▶ ACTION ITEM
Could you retype exactly the lines below between the one holding "盐池附近拖车电话号码服务" and the one holding "Les Thunderbirds de", inclusive, leaving out any pictures?

▶ RECORDS SHOWN
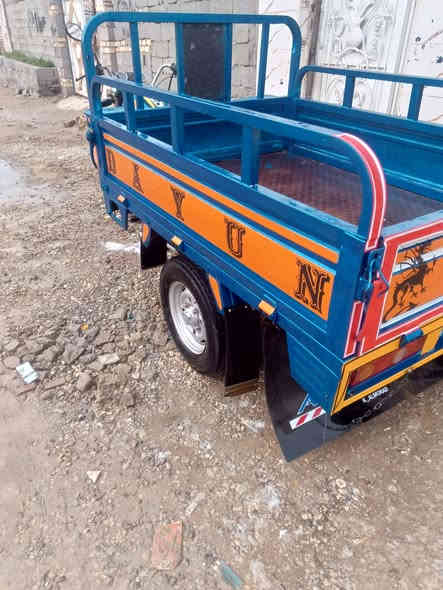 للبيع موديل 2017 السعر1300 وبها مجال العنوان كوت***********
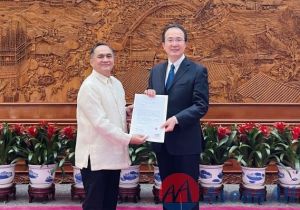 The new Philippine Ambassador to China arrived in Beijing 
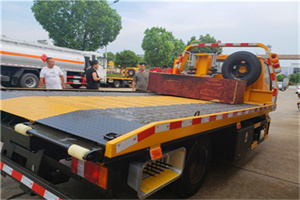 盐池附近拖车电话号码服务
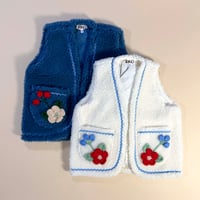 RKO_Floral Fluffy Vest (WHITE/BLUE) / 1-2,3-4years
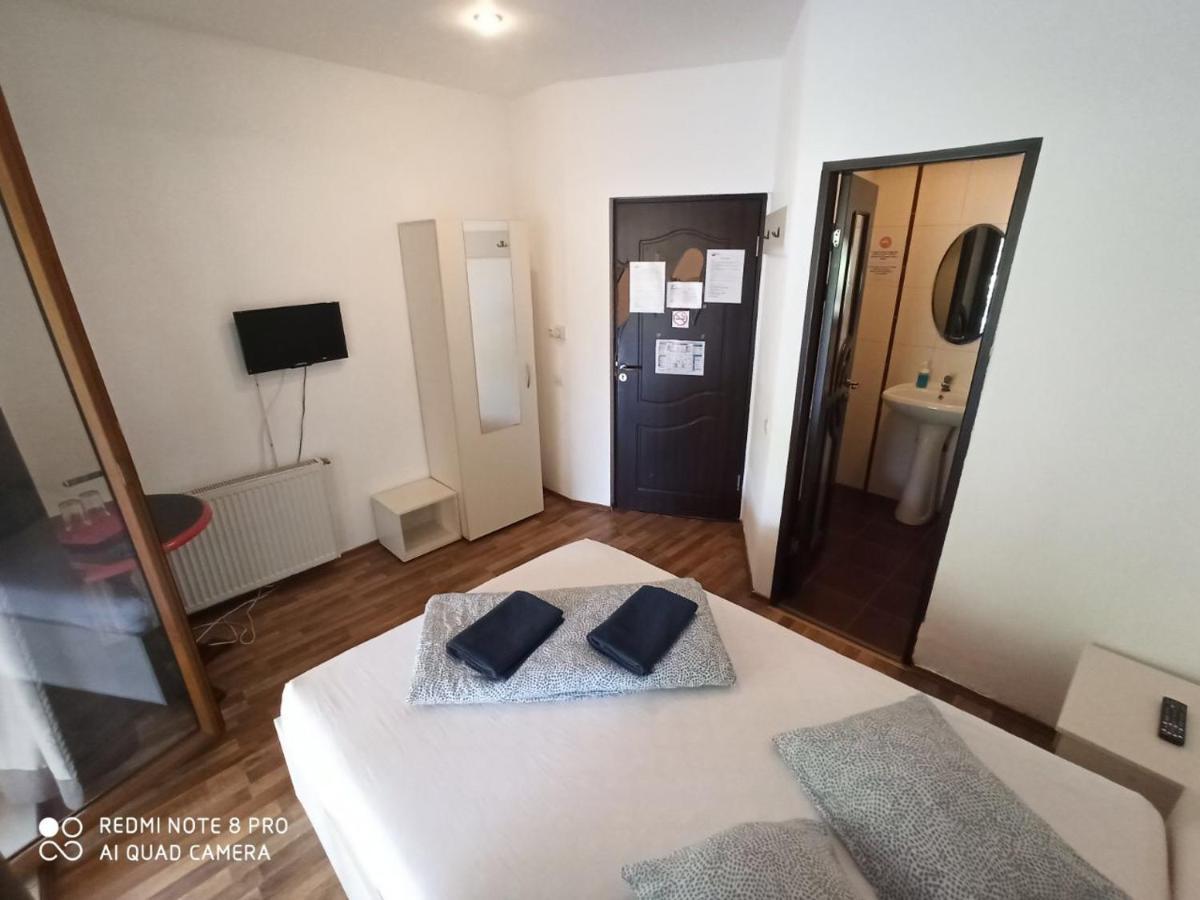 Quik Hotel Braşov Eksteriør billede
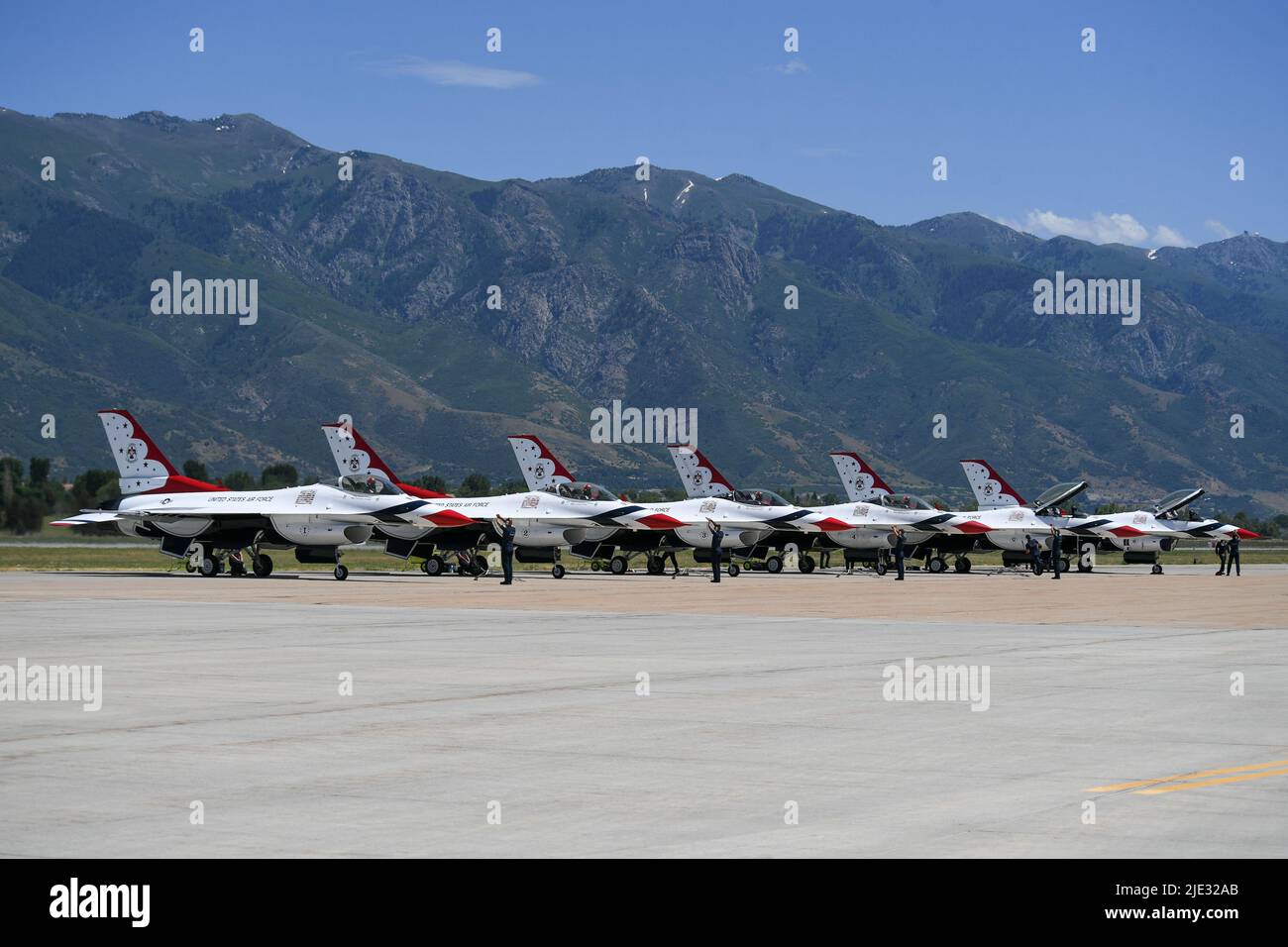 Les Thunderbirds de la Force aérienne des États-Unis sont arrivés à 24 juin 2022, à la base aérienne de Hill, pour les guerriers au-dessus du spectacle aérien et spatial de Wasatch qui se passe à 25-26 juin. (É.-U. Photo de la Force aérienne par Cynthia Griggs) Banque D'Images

---

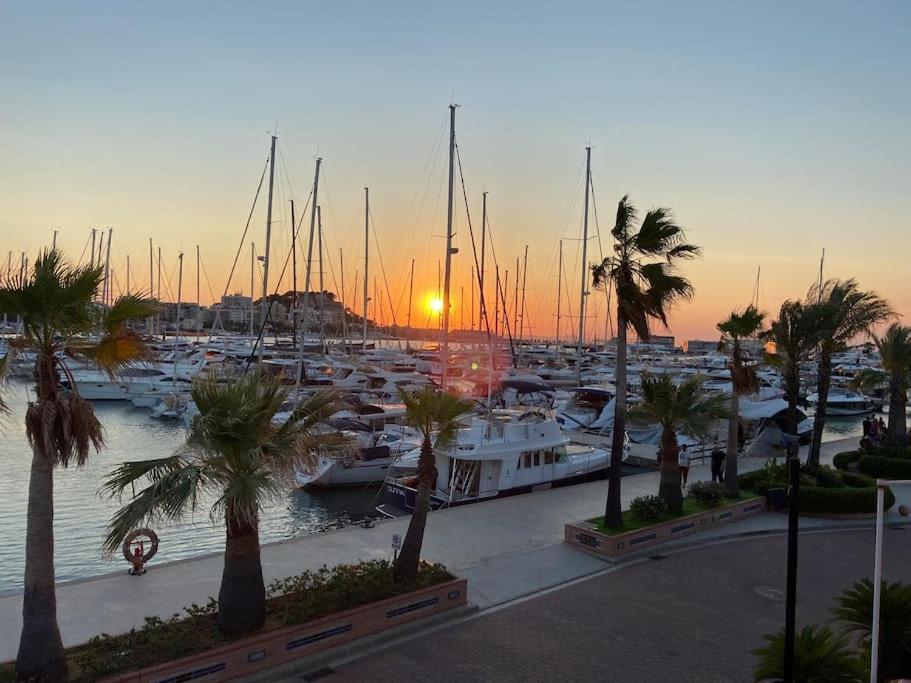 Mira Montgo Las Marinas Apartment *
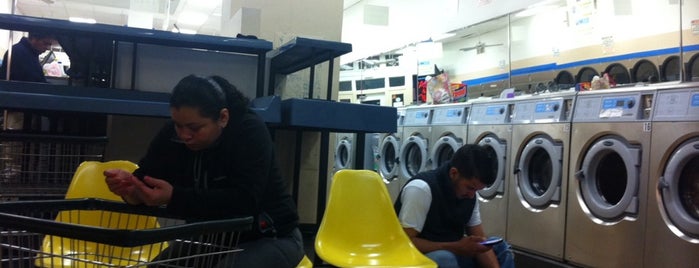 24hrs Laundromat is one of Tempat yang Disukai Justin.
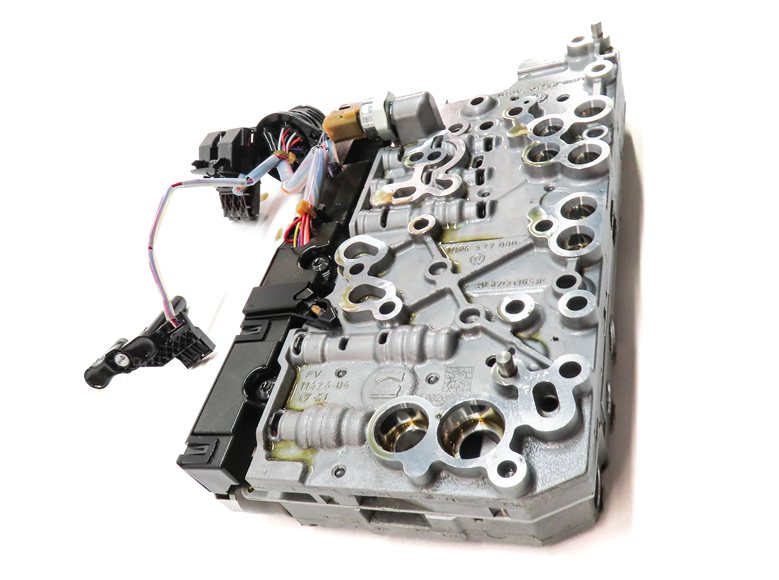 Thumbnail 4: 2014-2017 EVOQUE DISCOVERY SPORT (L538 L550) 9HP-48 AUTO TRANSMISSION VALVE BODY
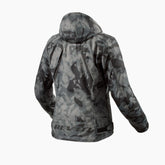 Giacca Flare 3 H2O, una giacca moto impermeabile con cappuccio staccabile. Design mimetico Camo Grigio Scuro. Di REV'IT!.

▶ RESPONSE
 盐池附近拖车电话号码服务
 RKO_Floral Fluffy Vest (WHITE/BLUE) / 1-2,3-4years
 Quik Hotel Braşov Eksteriør billede
 Les Thunderbirds de la Force aérienne des États-Unis sont arrivés à 24 juin 2022, à la base aérienne de Hill, pour les guerriers au-dessus du spectacle aérien et spatial de Wasatch qui se passe à 25-26 juin. (É.-U. Photo de la Force aérienne par Cynthia Griggs) Banque D'Images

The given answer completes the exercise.